Cultura

Escuchar

Decía mi tío Jimmy Square que los Herrera hablábamos para escucharnos a nosotros mismos. Una sinfonía de monólogos, pues.

Y es que tenemos esta compulsión por hablar. Después de todo somos prácticamente eso: monos parlanchines.

Pero ese no es el problema, no. El asunto es que, como dice el antiguo dicho árabe, “Dios creó al hombre con una boca y dos orejas, con la idea de que escuchara más de lo que hablara”. Es cierto. Hablamos, pero no escuchamos.

Fui a esta tienda a comprar unas copas de vino. –Quiero dos copas de cada modelo–, le dije a la vendedora. La mujer asintió e indicó que el pedido estaría listo mañana. Perfecto. Llegué al día siguiente y recibí la caja con las copas. Pagué, di las gracias y me fui a mi casa. Ah, pero qué sorpresa me esperaba cuando al abrir la caja descubrí lo siguiente: una copa de un modelo, cuatro de otro, dos de otro y tres de otro más. Pero qué carajo es esto. Marqué a la tienda: –No me queda claro por qué me surtieron esta cantidad de copas, cuando concretamente pedí dos de cada una, como un muestrario –, reclamé. La señorita no supo qué decir. A la semana volví y pedí dos copas para Cabernet Sauvignon y, días después, me entregaron dos de Chardonnay. Ya. Suficiente. Qué coño le pasa a esta gente, en serio.

Otro día, en un restaurante: –Le encargo una copa de vino blanco y un vaso de agua, por favor–. El mesero asintió y fue rumbo al bar. Regresó con la copa de vino. –Y un vaso de agua, por favor–, repetí. Asintió y se fue. Llegó la comida, pero el agua no. –¿Me puede traer un vaso de agua, por favor?–, enfaticé. El mesero asintió. Pasó el tiempo y el agua nunca llegó. Vi al capitán y le hice una seña. Se acercó y le expliqué la situación. Se disculpó: –Sin problema jefe: ahorita se lo mandan–. Ajá. Del agua, nada. Imagine mi nivel de emputecimiento.

Estoy hasta la chingada de esto. Se dice que el principal problema en las relaciones humanas es la comunicación. Me queda clarísimo.

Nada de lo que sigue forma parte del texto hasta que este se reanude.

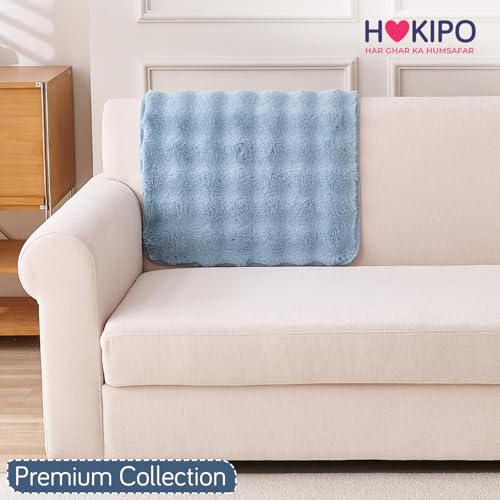 Image of HOKIPO 'FurHug' Luxury Faux Rabbit Fur Sofa Backrest Cover with Anti-Slip Backing, Charm Blue (AR-6289-BL*1S)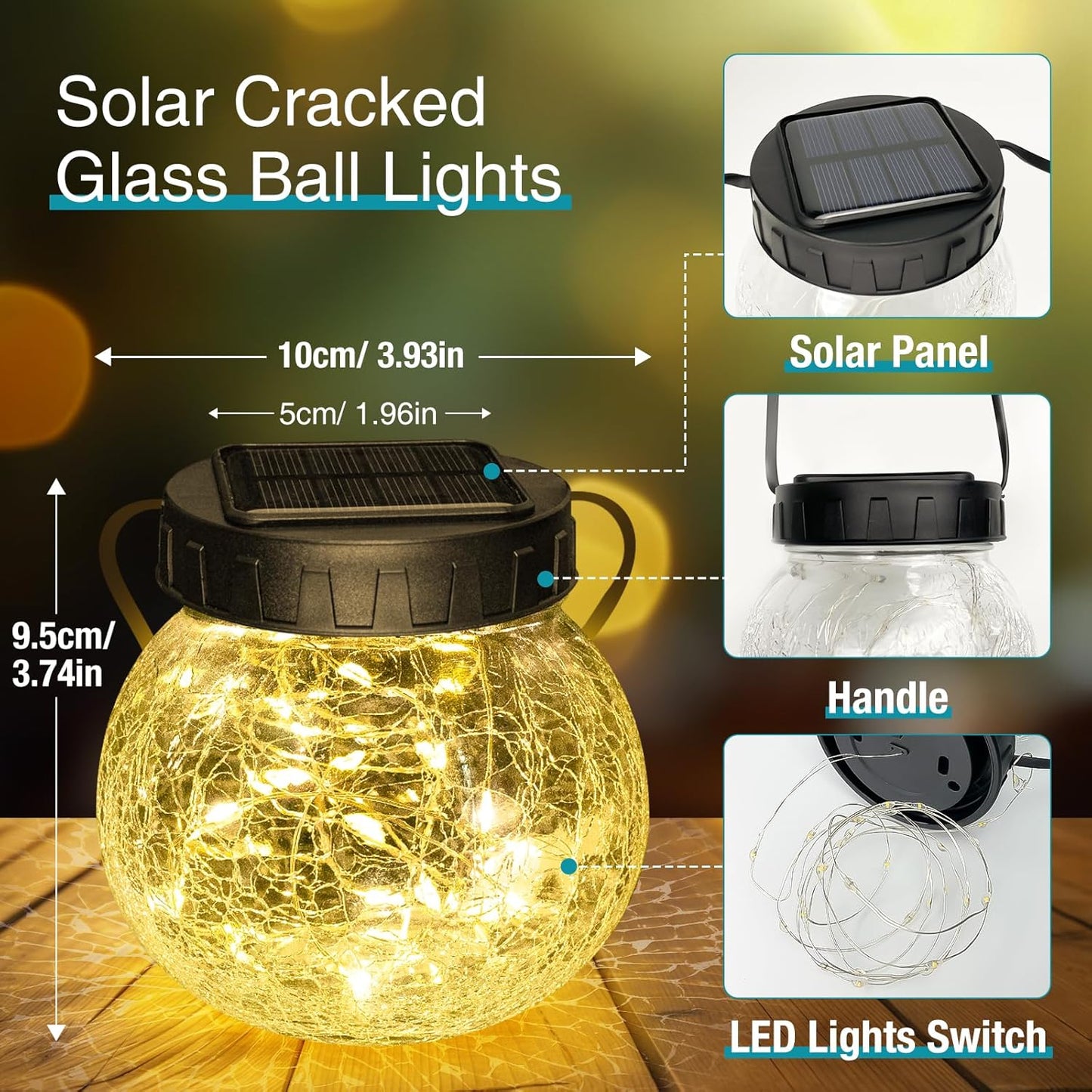 Solar Lanterns Outdoor Waterproof 2 Pack, Hanging Solar Lights with 30 LED, Cracked Glass Hanging Globes for Garden Patio Fence Yard Christmas Tree Decoration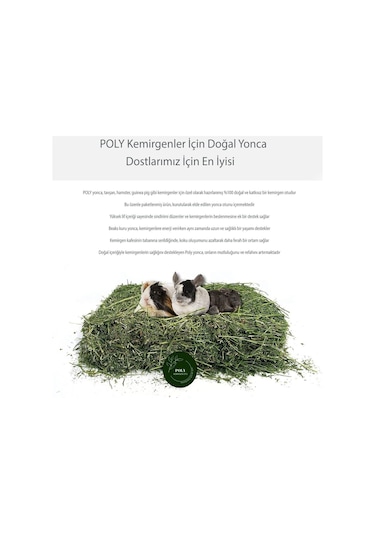 Poly Kemirgen Doğal Kuru Yonca Kemirgen Otu-tavşan-ginepig-hamster 2000 Gr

En los escenarios descritos se ponen en evidencia varias cosas; primero, que la gente no escucha. Segundo: escucha lo que quiere. Tercero: escucha, pero le vale verga. Cuarto: escucha, pero entiende algo distinto a lo que le has dicho. Quinto: las palabras entran a su cerebro pero, una vez dentro, se transforman en sonidos ininteligibles, inconexos. ¿Entiende ahora la magnitud del problema que tenemos aquí?

En la prepa leí los diálogos de Platón. Son increíbles. El intercambio de preguntas, de respuestas e ideas es de un orden y claridad que animan a sentarse a charlar. Claro que eso nunca ocurre, porque nuestras conversaciones, cuando no están empapadas de alcohol, suelen ser más arrebatos emocionales y de intercambio de disparates que de un pausado y estimulante flujo de ideas, anécdotas y recuerdos.

Digo todo esto porque cuando uno aprende a conversar, aprende a escuchar, que es lo más importante. Escuchar y observar –son la misma cosa– nos llevan a formarnos ideas más claras y no atrabancadas de lo que sucede a nuestro alrededor. Paciencia. Con ella evitamos formar juicios prematuros y decir y hacer pendejadas.

Tengo tantos ejemplos de este tema donde la gente no escucha como para llenar dos mamotretos más gordos que el Quijote y la Biblia.

Por lo pronto, no creo que esto tenga solución. Hay que hacer un esfuerzo doble para cerciorarse de que las personas realmente te están poniendo atención y les entró claro y directo lo que les dijiste. Y, como acertadamente observó mi tío Jimmy Square, lo mejor será seguir hablando para escucharme a mí mismo: nunca me ignoro, me parece interesantísimo lo que digo y no me aburro.